» **Exercise instructions**: What you return must be the lines from the first one below through the one containing "Cubo'S Hotel Cortijo", exactly and with pictures excluded.

[Exercise inputs — start]

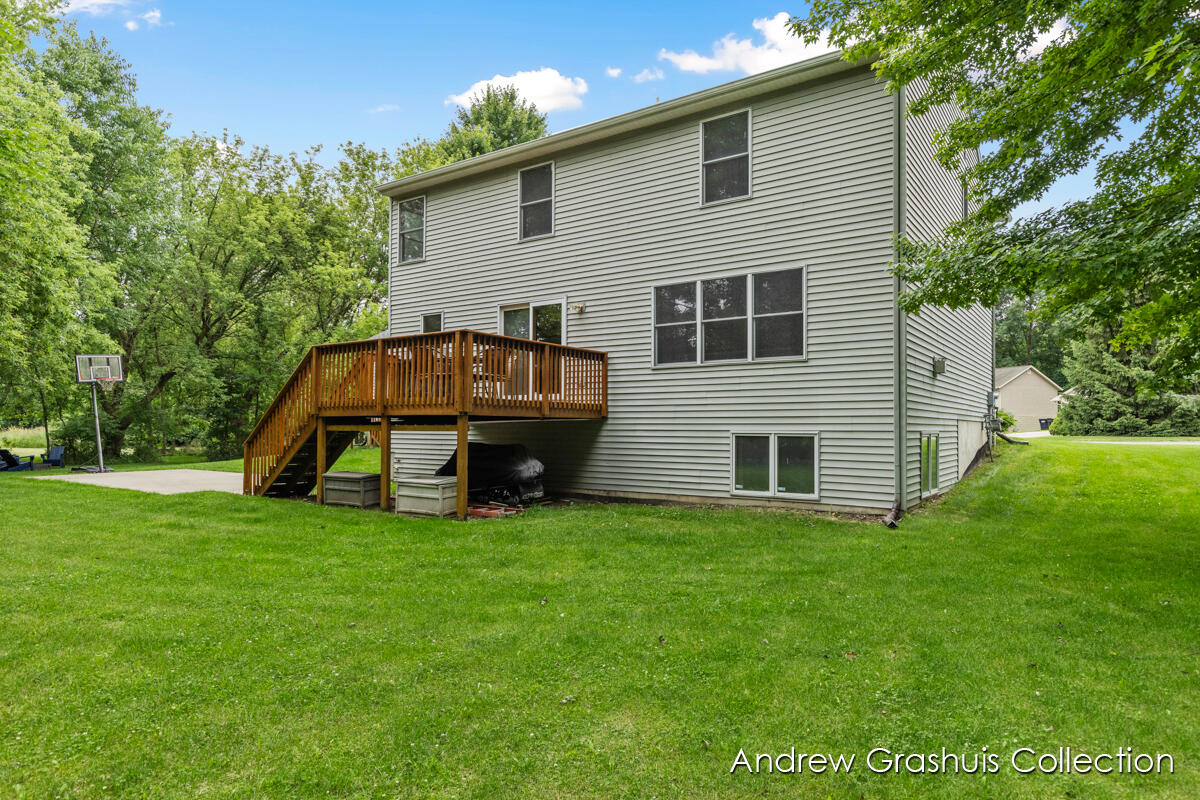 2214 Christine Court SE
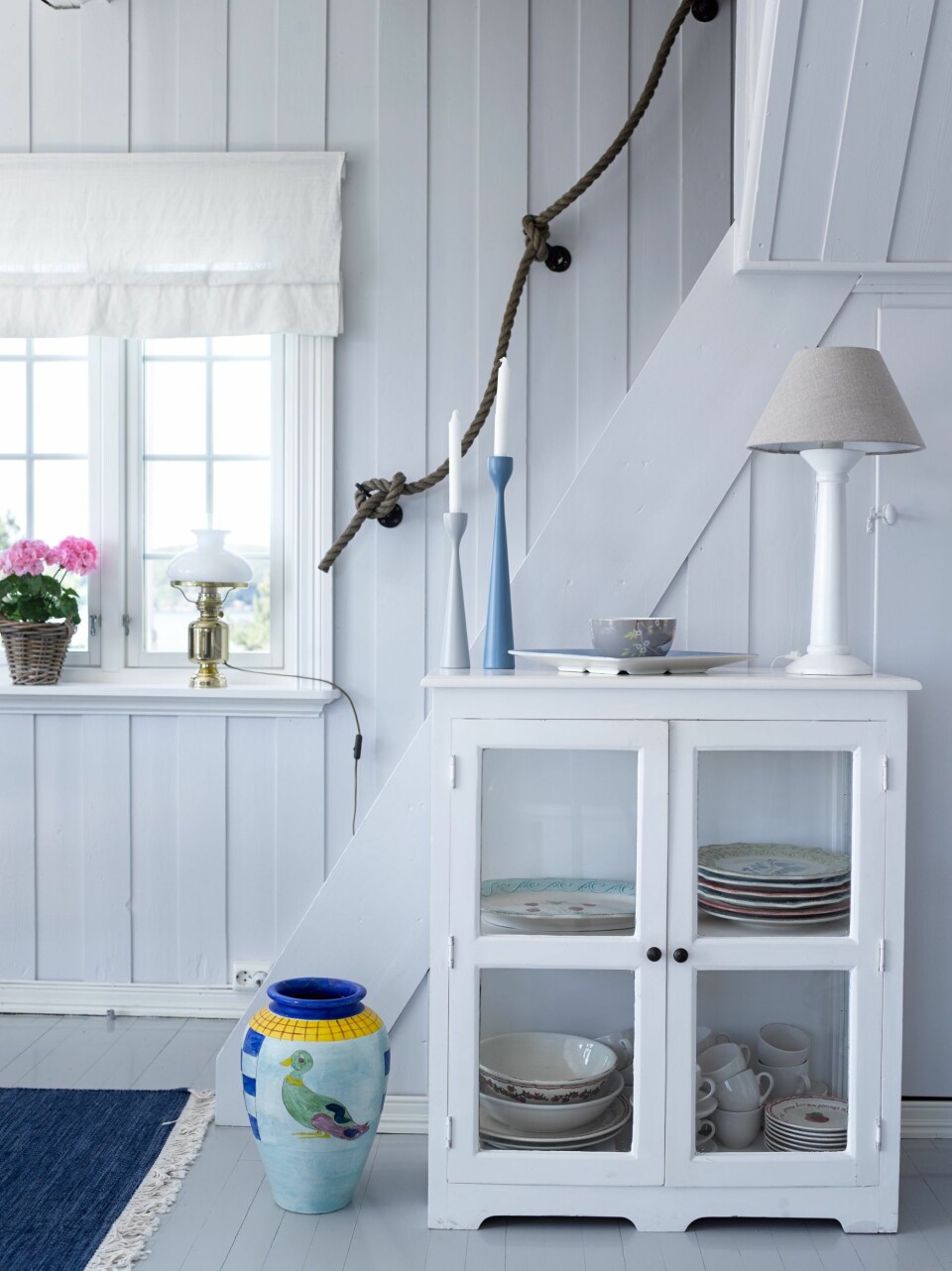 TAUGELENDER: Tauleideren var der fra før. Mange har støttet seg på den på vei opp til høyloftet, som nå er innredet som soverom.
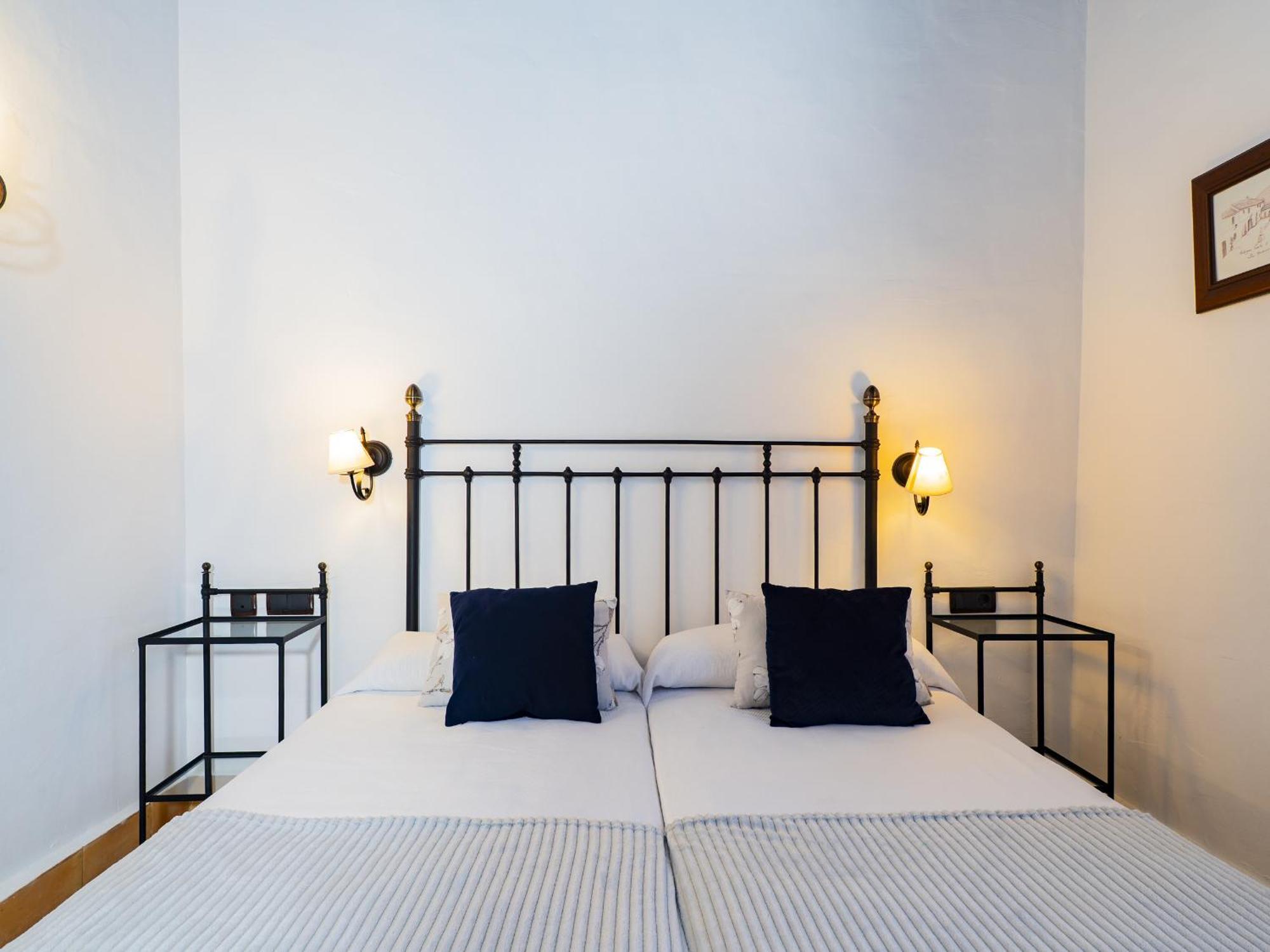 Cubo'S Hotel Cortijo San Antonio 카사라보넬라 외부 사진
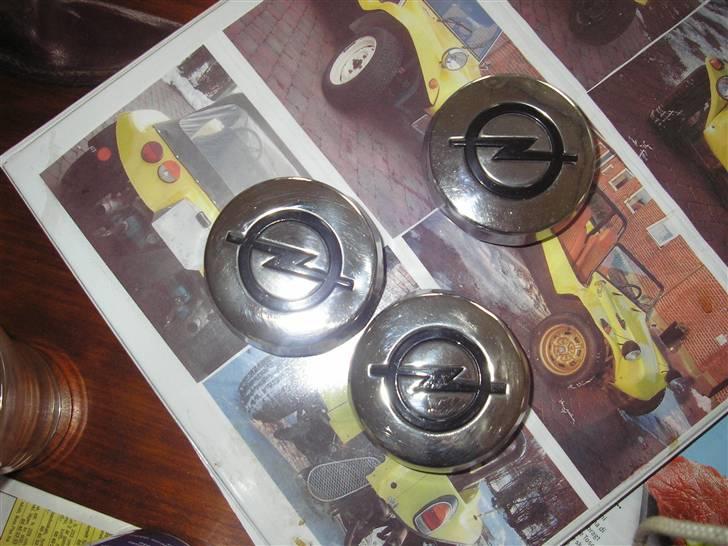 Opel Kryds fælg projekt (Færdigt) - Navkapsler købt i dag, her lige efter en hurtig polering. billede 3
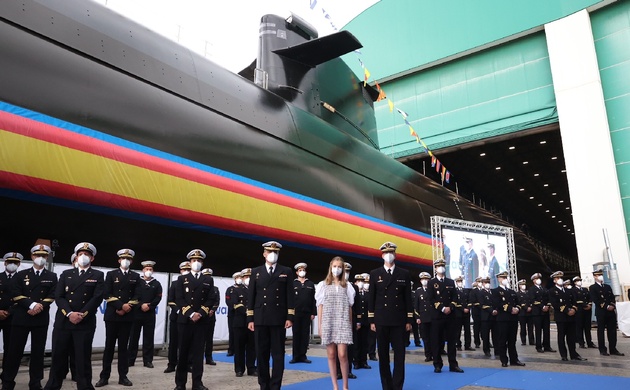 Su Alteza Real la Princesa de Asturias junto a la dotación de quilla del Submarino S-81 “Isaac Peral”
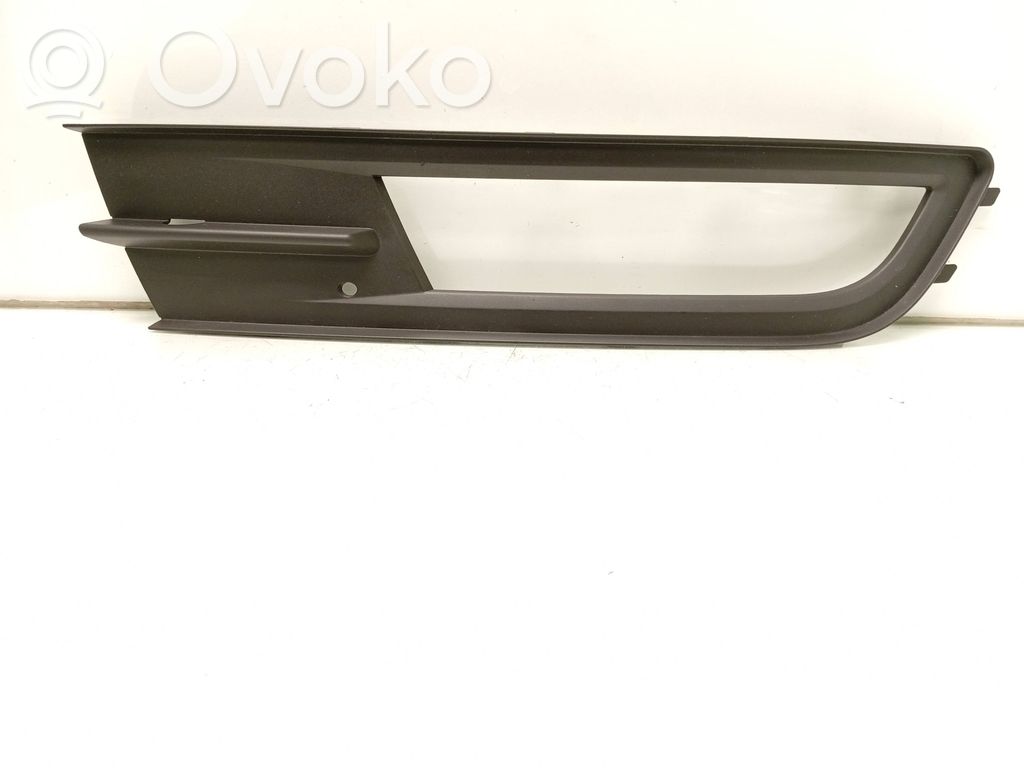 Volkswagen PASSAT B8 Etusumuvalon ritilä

[Exercise inputs — finish]

» **Exercise answer**:
 2214 Christine Court SE
 TAUGELENDER: Tauleideren var der fra før. Mange har støttet seg på den på vei opp til høyloftet, som nå er innredet som soverom.
 Cubo'S Hotel Cortijo San Antonio 카사라보넬라 외부 사진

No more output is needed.